Durante los sombríos años de la guerra con los americanos, los británicos habían aprendido que sus adversarios poseían una capacidad casi desleal para aprovecharse de las oportunidades. Es cierto que su comandante en jefe, Washington, se enfrentaba continuamente a motines en su propio ejército, pero cuando detectaban que los británicos podrían, quizás, estar en situación de desventaja, los malditos yanquis surgían de la nada como por arte de magia. Así había sido para el general Burgoyne en Saratoga. Y lo mismo para St. Leger. Incluso cuando el gran Benedict Arnold, americano experto en estrategia táctica, cambió de bando, el lacónico comandante en jefe británico comprendió la enorme valía de ese talento cuando ya era demasiado tarde.

El destino del teniente Price estuvo marcado por la misma energía incansable. Le sorprendió, incluso al borde de la muerte, que hombres de su propia raza pudieran tratar a otros seres humanos con semejante desdén.

Durante dos días, la Algonquin navegó rumbo sudeste para doblar al sur de las islas Scilly antes de abocarse al Canal. Se había reparado y desplegado la gran vela mayor. Drinkwater mostró un deferente interés por el gobierno de la goleta. No estaba familiarizado con el aparejo de cuchillo y le fascinaba su comportamiento. No sabía que un barco pudiese moverse tan deprisa con el viento de través y escuchaba atento la discusión de los dos suboficiales sobre si era posible navegar más deprisa que el propio viento. Sin duda, el temor sembrado por Blackmore se desvanecía a medida que Nathaniel experimentaba las alegrías de la independencia.

El tiempo se mantuvo soleado y agradable. El viento, ligero pero a favor. Los americanos aparecían todos los días en cubierta en pequeños grupos para ejercitarse y el sargento Hagan y sus infantes de marina atendían a la vigilancia de la goleta.

Los suboficiales apenas causaron problemas y seguían confinados en una cabina, mientras que el capitán de la goleta corsaria permanecía encerrado en otra. Se les permitía salir a cubierta en momentos distintos, de tal manera que algunos de ellos deambulaban cerca de los obenques del palo mayor a la luz del día.

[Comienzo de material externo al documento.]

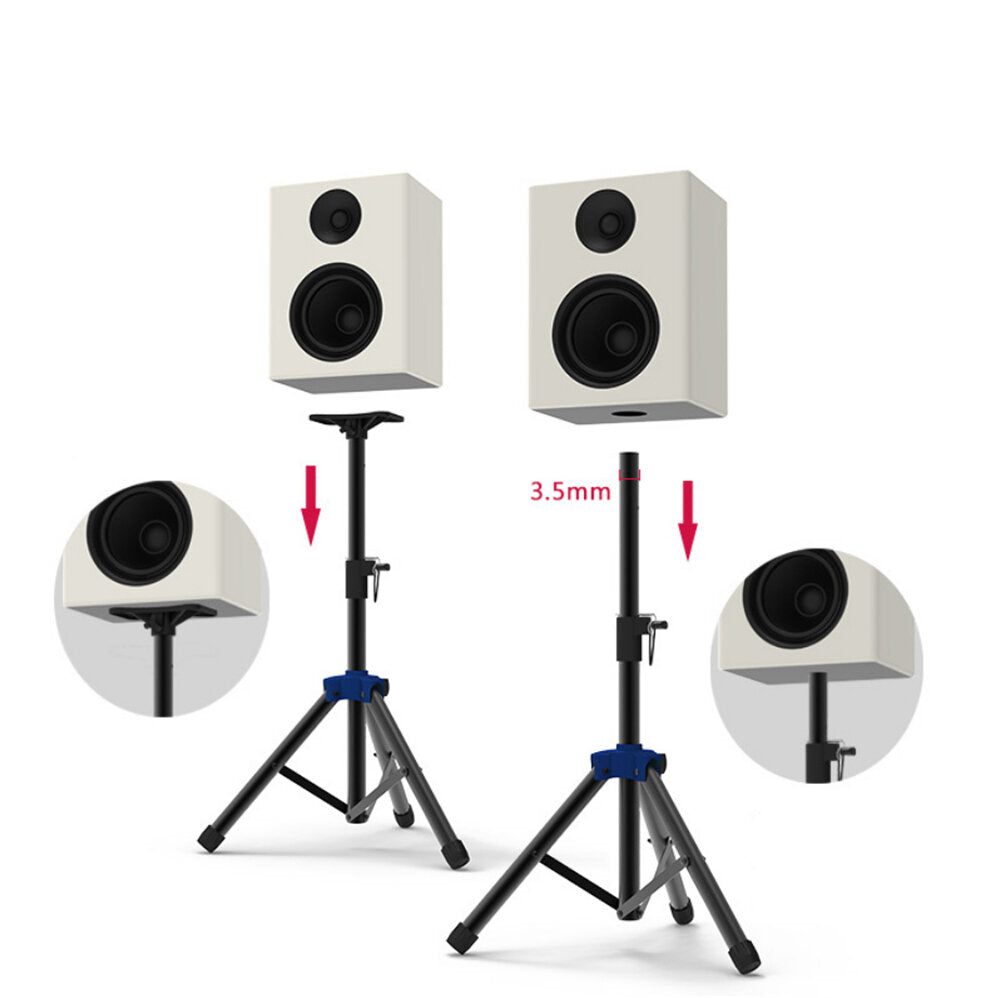 Portable 63cm-110cm Round Column Base Adjustable Surround Sound Speaker Display Stand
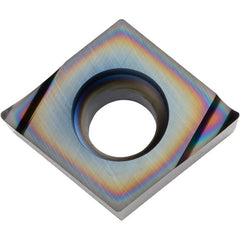 CCGT 3251 A3 PDL010, 1/64″ Corner Radius, 5/32″ Thick, 3/8″ Inscribed Circle, C, 80 Degree Diamond, Turning Indexable Insert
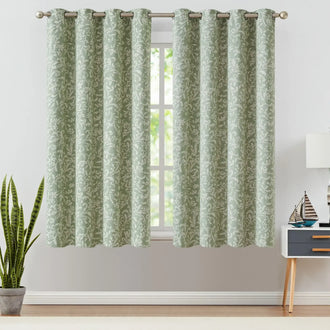 
                    
                      Vintage Scrollwork Damask Curtains - Jinchan Home
                    
                  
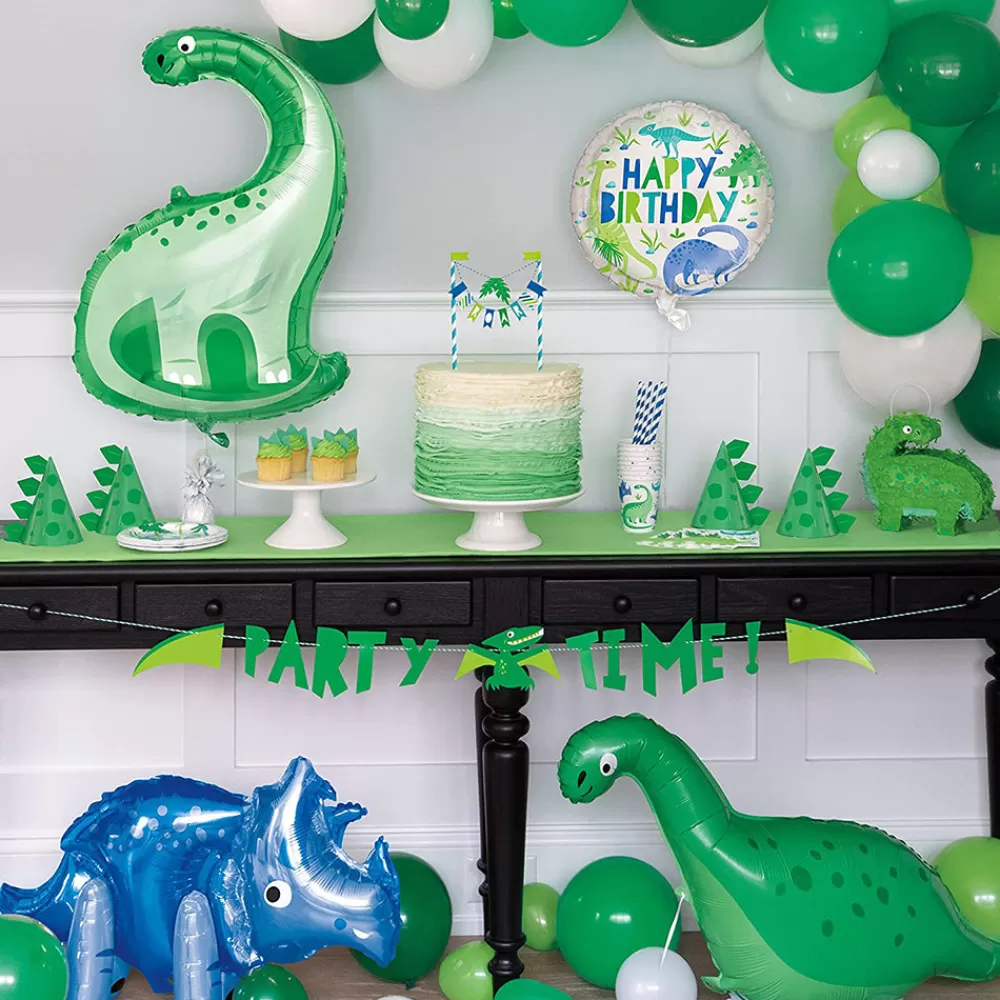 Unique Party Ballon Happy Birthday Dinosaure> Ballons Helium À Forme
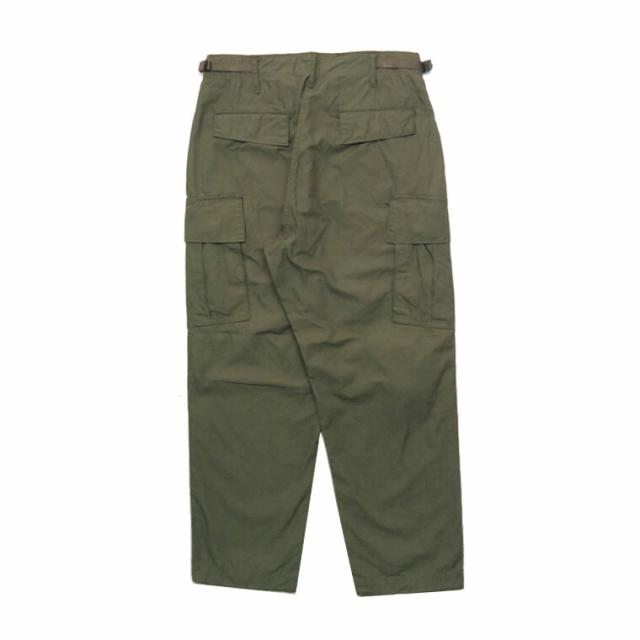 ドミンゴ D.M.G. DOMINGO リップストップ USカーゴ パンツ レディース グリーン 14-199Z MADE IN JAPAN_2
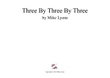 Brass sextet - Three by Three by Three
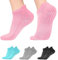 flintronic Calze Antiscivolo per Donna e Uomo, 4 Paia Calzini Antiscivolo Yoga, Calze Yoga, Calzini Pilates Sportivi con Puntini in Gomma per Yoga, Pilates, Balletto, Danza, Fitness
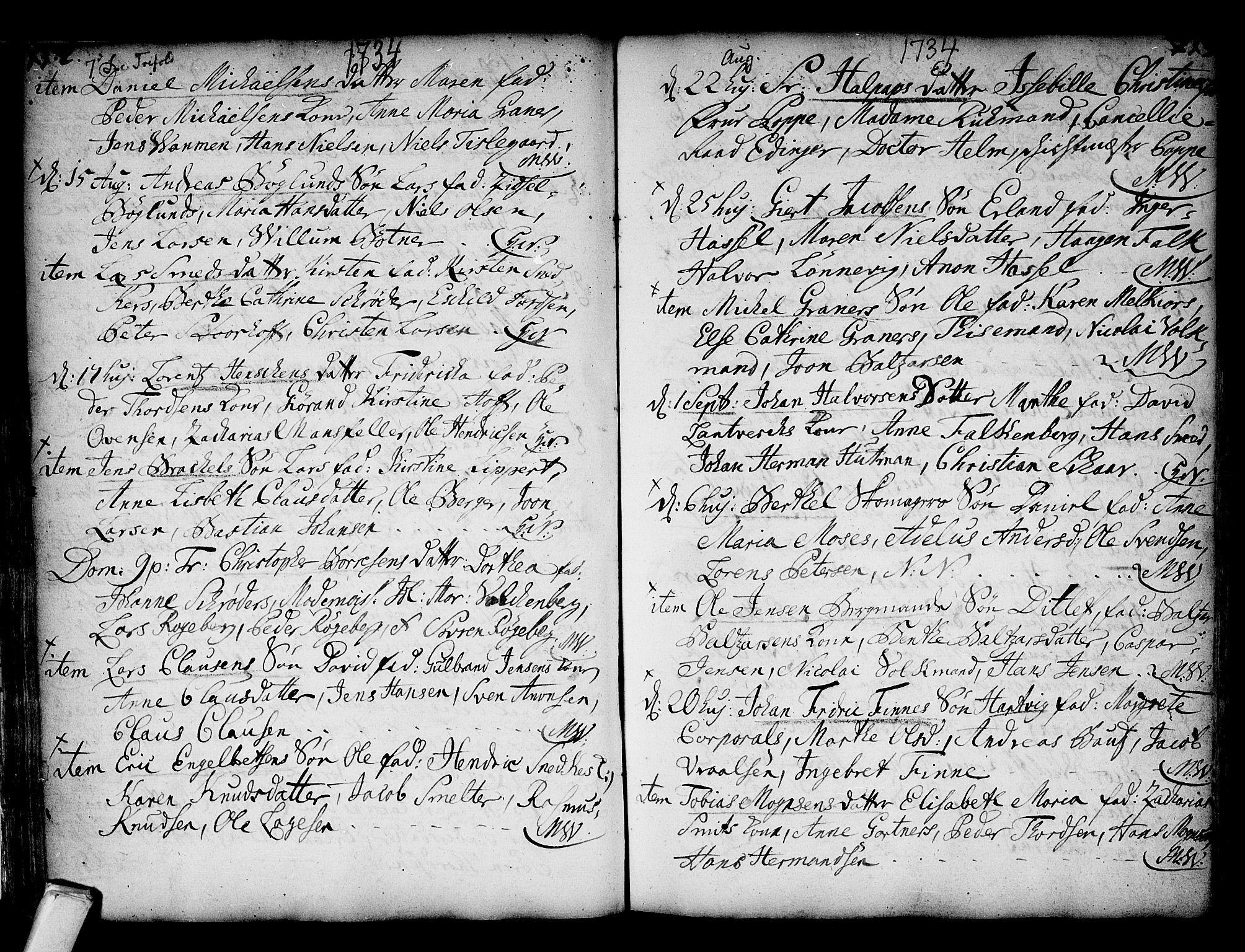 Kongsberg kirkebøker, SAKO/A-22/F/Fa/L0002: Ministerialbok nr. I 2, 1721-1743, s. 152-153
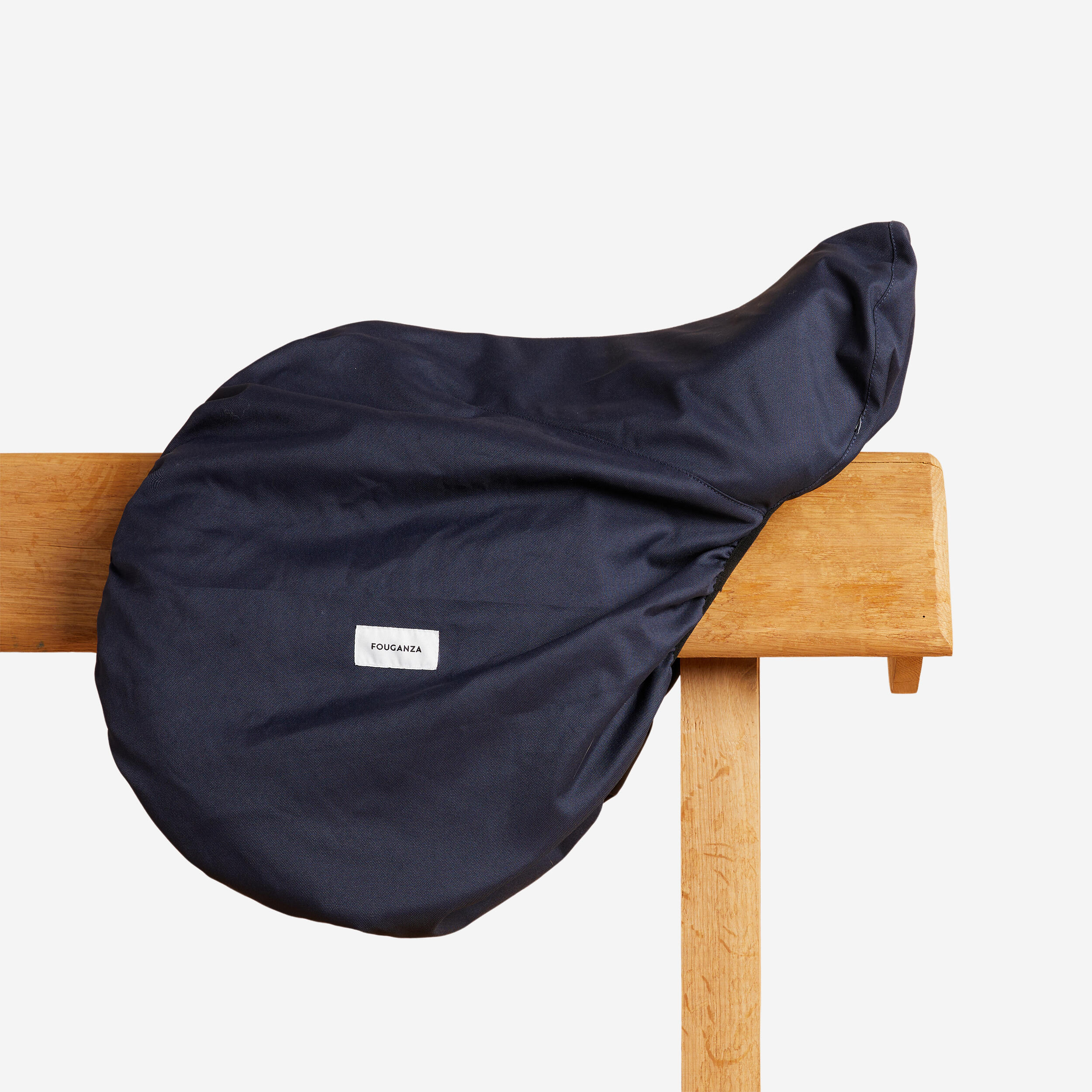 Water-repellent riding saddle cover - navy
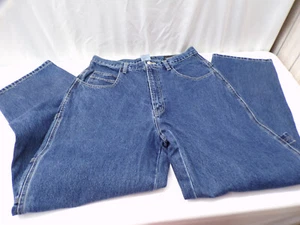Pelle Pelle Marc Buchanan blaue Jeans Größe 34 bestickt Tasche gebraucht - Bild 1 von 10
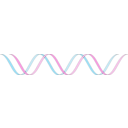 download Stylized Dna clipart image with 315 hue color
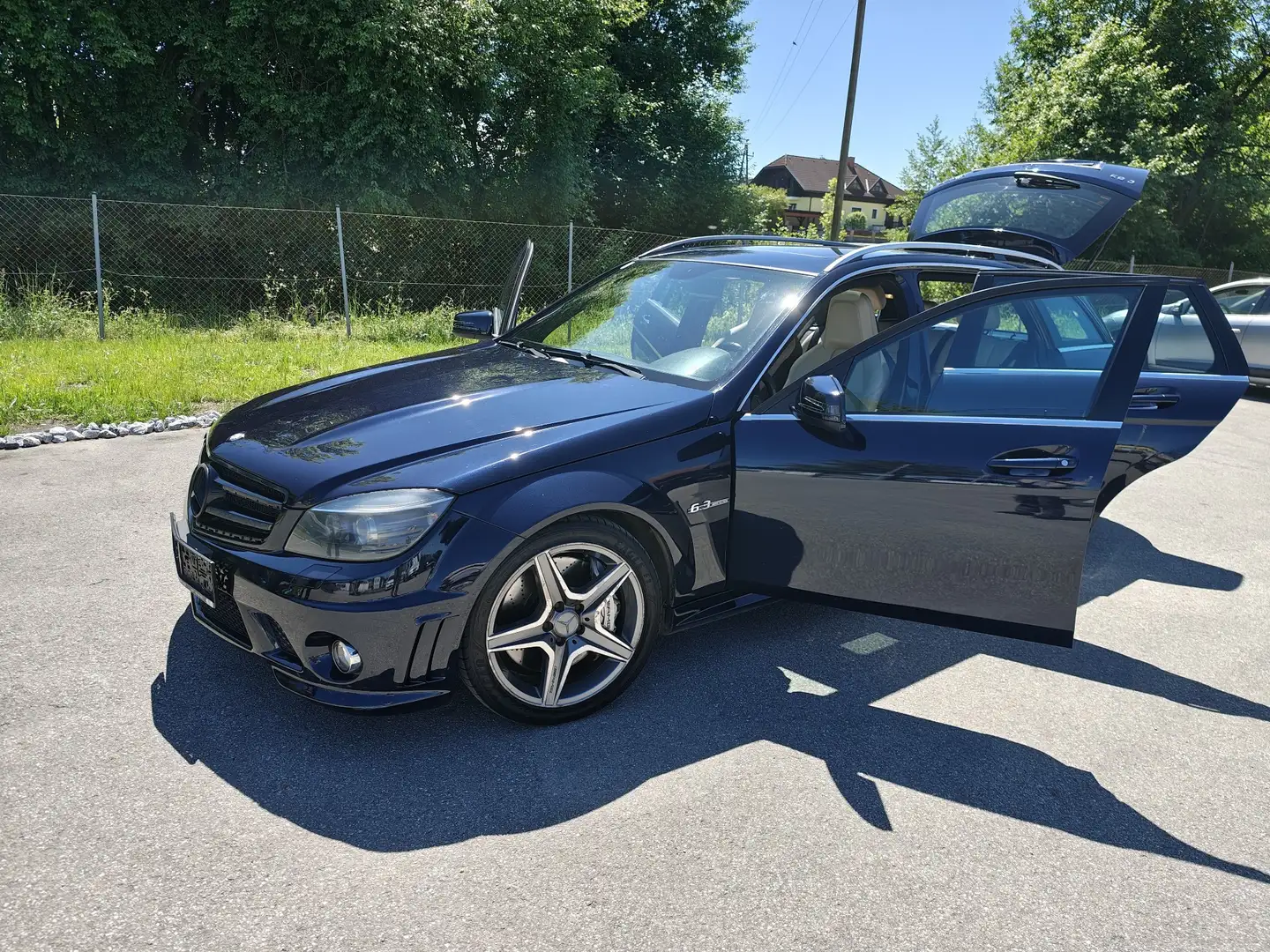 Mercedes-Benz C 63 AMG T Avantgarde Aut. Синий - 1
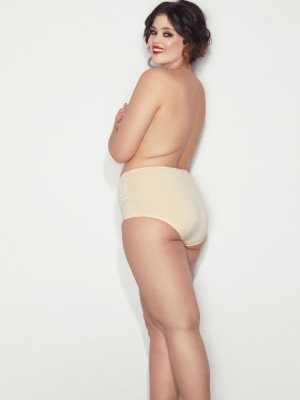 Моделиращи макси бикини в бежово Ala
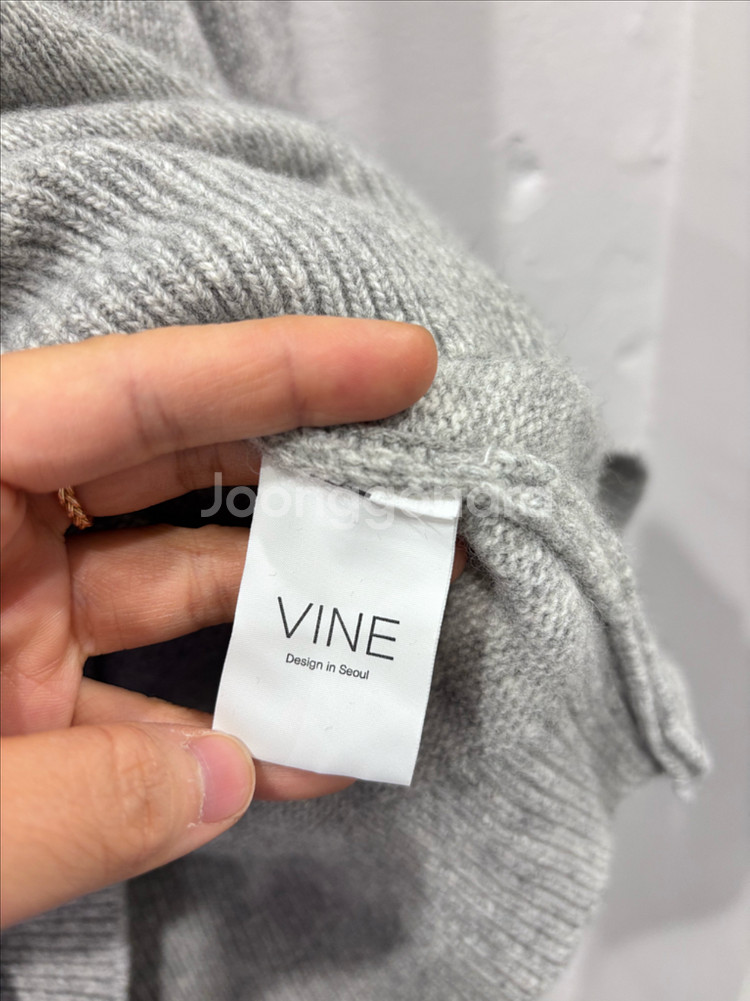 바인 후드 그레이 니트--4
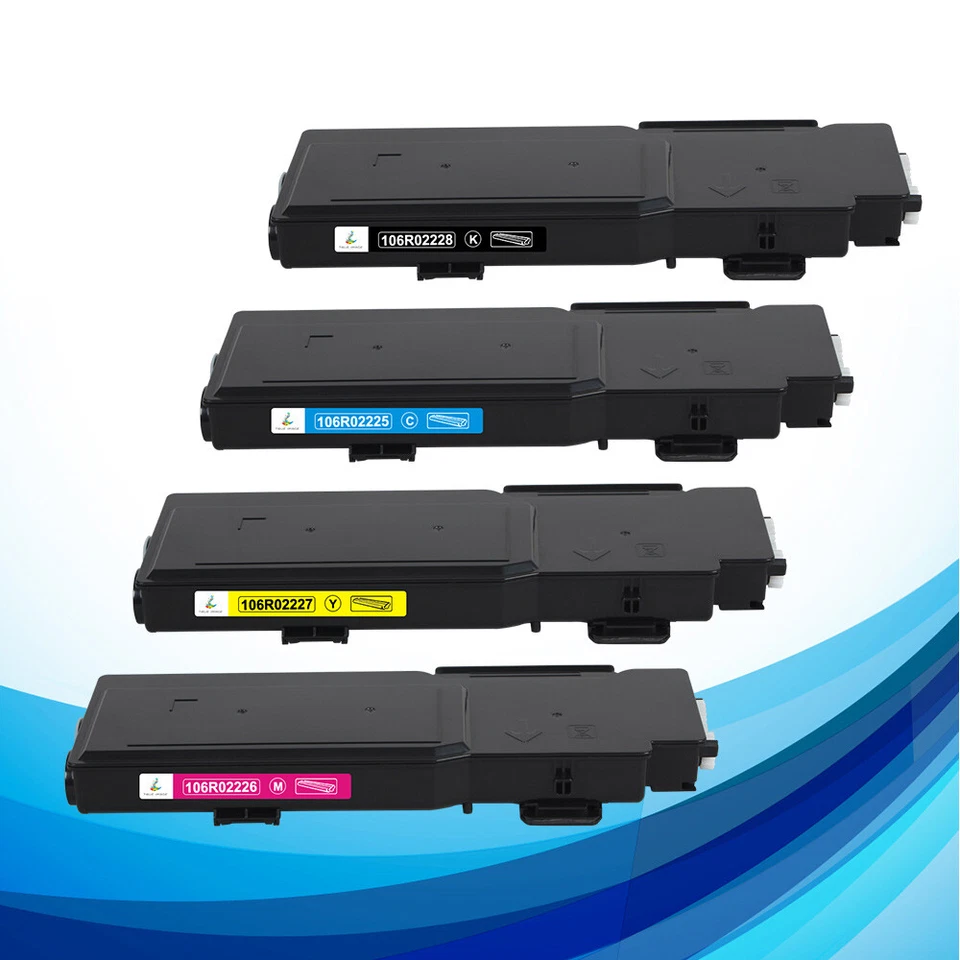 4PK High Yield Color Toner Set for Xerox Phaser 6600 WorkCentre 6605 106R02228 - Image 2 of 4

Price y los suboficiales se habían apropiado de la mejor cabina de popa, mientras que los marineros y los infantes de marina utilizaban la bodega entrecubiertas para alojarse. La intención primigenia de este espacio era la de albergar a las tripulaciones de las presas de la Algonquin.

Al llegar la noche del segundo día, Price se había relajado un poco. Una hora antes, uno de los marineros americanos había solicitado verle. Price se había dirigido a proa. Un hombre dio un paso al frente y preguntó si podían utilizar a su cocinero, pues la comida que recibían les estaba poniendo enfermos. Si el teniente del botín se mostraba conforme, harían promesa de comportarse.

Price ponderó este asunto y coincidió en que podían aportar su propio cocinero, pero no se permitiría ninguna otra relajación de la disciplina. Estimaba que estaban a unas diez leguas al sur del Lizard, y esperaba que pudieran navegar rumbo norte al día siguiente y llegar a Falmouth.

Pero esa noche, el viento aminoró hasta dejar de soplar. La llegada del amanecer dio paso a una mañana neblinosa. La goleta se balanceaba sin cesar, mientras que un perezoso oleaje hacía golpetear los motones y rozar los cabos.

Cuando avisaron a Price, estaba fuera de sí por el cambio del tiempo. Al mediodía, seguía sin haber indicios de viento e hizo arriar la gran vela cangreja para reducir el rozamiento. En esto estaba la tripulación cuando el cocinero americano se dirigió a proa, cargando con una olla de estofado.